Il est important de reconnaître que ces exemples ne suggèrent pas que la conversation ne peut pas avoir lieu entre des interlocuteurs situés à différents échelons de la hiérarchie sociale. L’existence même des « ritual constraints », ou « contraintes ritualisées », démontre que les divergences sociales se négocient pendant la conversation. Goffman explique que des conversations caractérisées par de telles divergences peuvent avoir lieu si les participants relèguent leurs différences à l’arrière-plan et se concentrent plutôt sur le but qui les a rassemblés. Il cite le sociologue Georg Simmel : « Sociability is the game in which one “does as if” all were equal, and at the same time, as if one honored each of them in particular”20 ». 209Simmel souligne le délicat équilibre qui doit être trouvé pour empêcher que les différences de statut n’entravent la conversation tout en reconnaissant ces différences pour satisfaire aux « contraintes ritualisées ».

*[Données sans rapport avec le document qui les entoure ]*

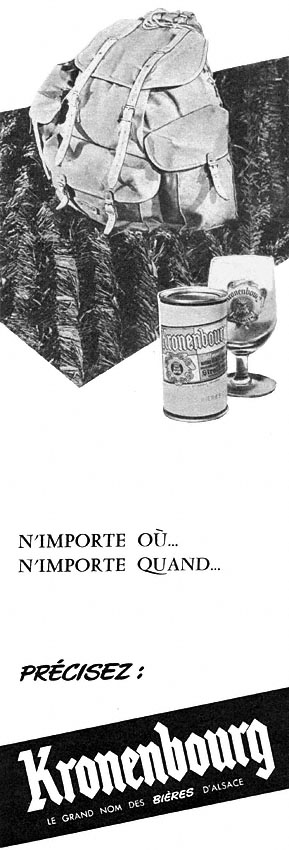 Marque Kronenbourg 1955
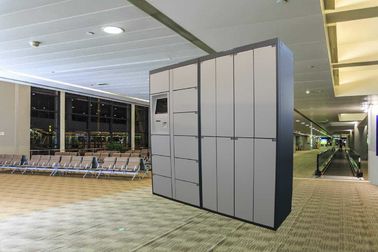 Trạm xe lửa Siêu thị Tủ khóa hành lý Tủ lưu trữ hội trường với Hệ thống khóa thông minh Chức năng điều khiển từ xa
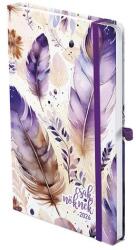 TopTimer Határidőnapló TOPTIMER "Csak nőknek" N018 A/5 heti fehér lapos Lila toll 2026 (N018J-002) - robbitairodaszer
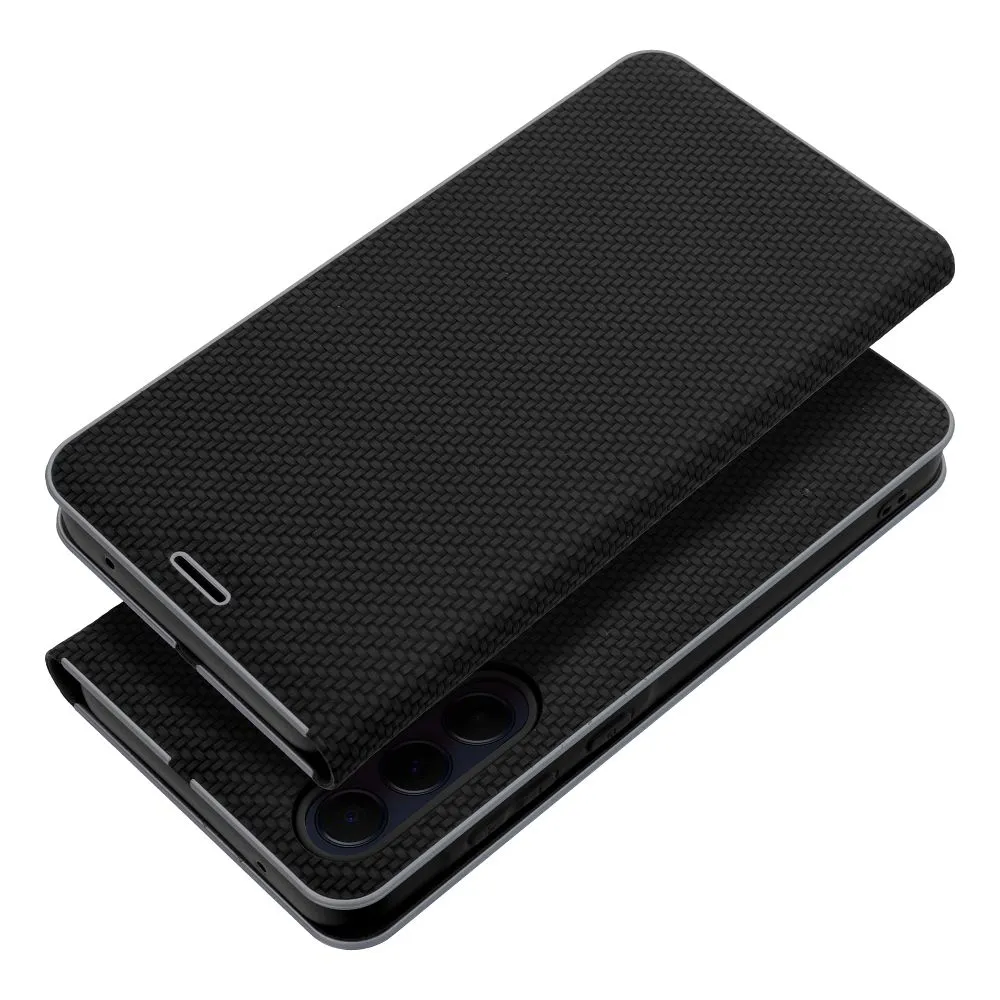 Flip case for Samsung A33 5G Luna Book Carbon black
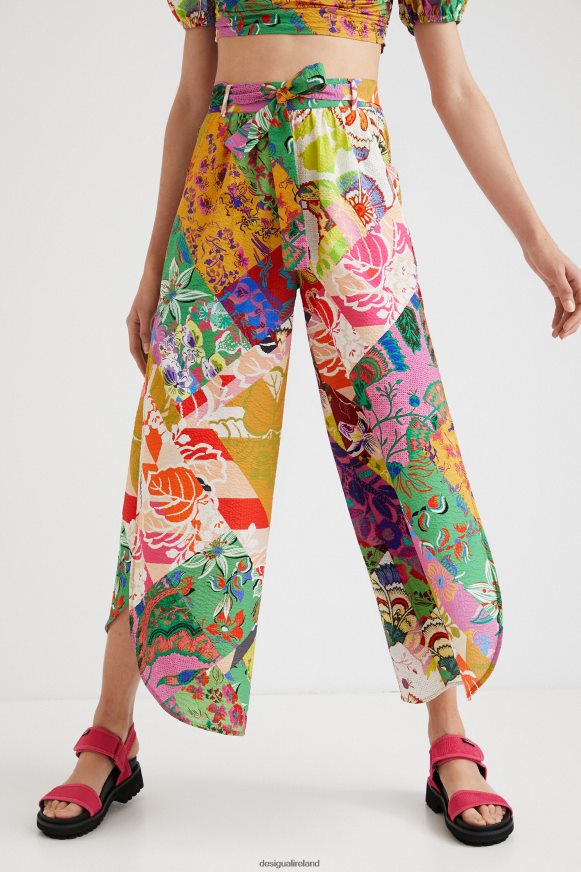 Desigual Women M. Christian Lacroix trousers with slits Clothing PFVZ0B1069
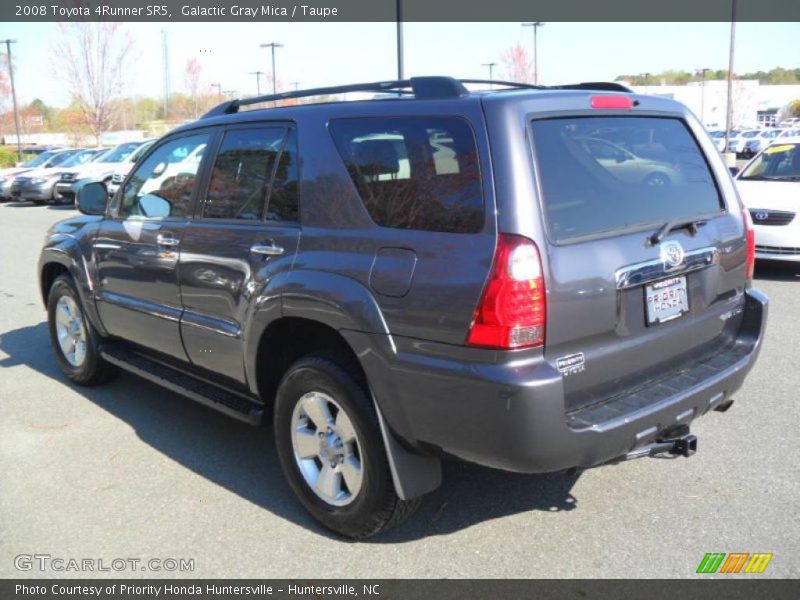 Galactic Gray Mica / Taupe 2008 Toyota 4Runner SR5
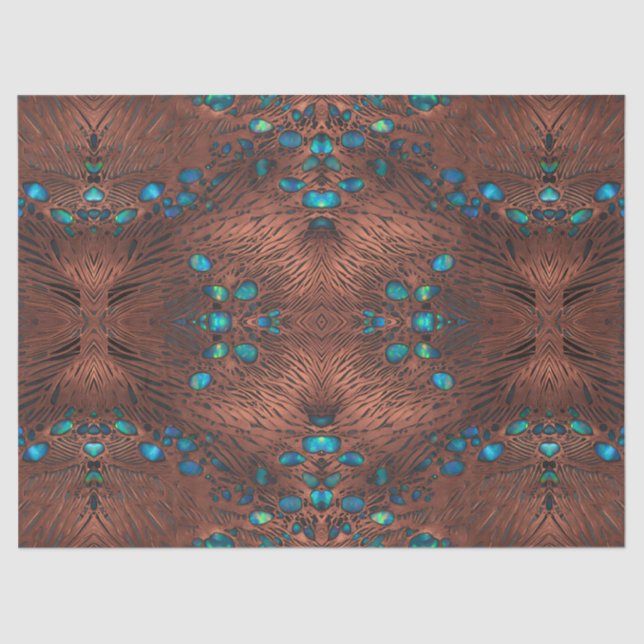 Copper and Abalone Decoupage Tissue Craft Tissue Paper (Front)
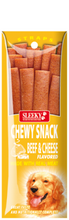 Load image into Gallery viewer, Sleeky Chewy Snack Straps - Beef &amp; Cheese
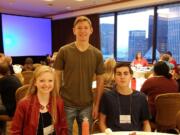 Washougal: Washougal High School students, from left, Bridgette McCarthy, Carson Connors and Michael Stevens spoke to more than 1,500 substance abuse prevention professionals at the National Prevention Network Conference in Seattle.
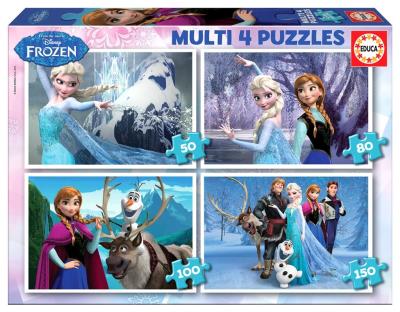 Opakowanie Puzzle ze stopniowaną ilością elementów 50-80-100-150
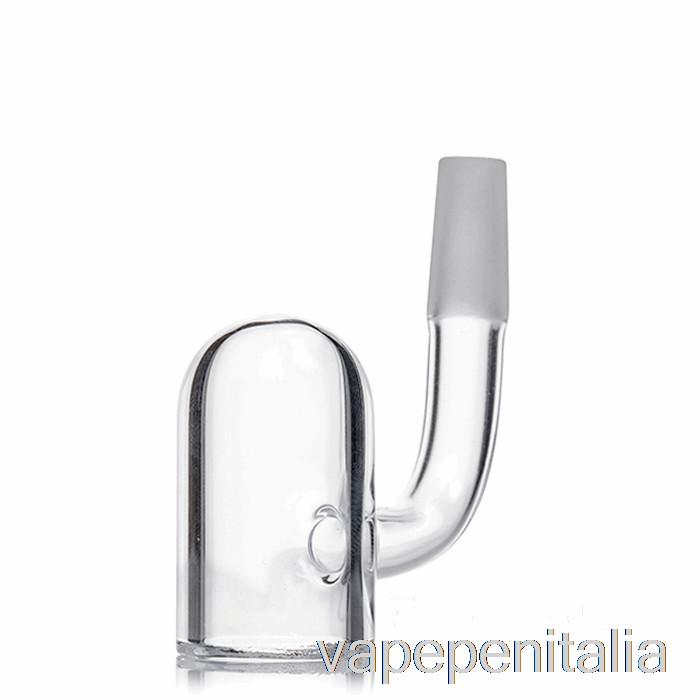 Scatola Vape Mod Mj Arsenal 10mm Premium Quarzo Drip Bucket Banger Argento - Mezza Saldatura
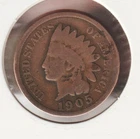 US Rare Old West 1905 Indian Head Penny Coin American Collection Shield Cent USA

S’il est possible pour les participants d’une conversation de surmonter les différences de statut, pourquoi, selon Montaigne, la conversation franche est-elle une activité à laquelle « la grandeur souveraine n’a aucune vraye part » (III, 7, 918) ? La réponse réside dans la nature particulière de la fonction de la royauté. Montaigne explique que « cette qualité estouffe et consomme les autres qualitez vrayes et essentielles […]. C’est tant estre Roy qu’il n’est que par là » (III, 7, 918). Pendant une discussion avec le roi, il n’est pas possible de se comporter “as if all were equal” – « comme si tous étaient égaux » – parce que le roi ne peut communiquer dans aucun registre autre que celui de la royauté21. Il parle exclusivement ex officio22.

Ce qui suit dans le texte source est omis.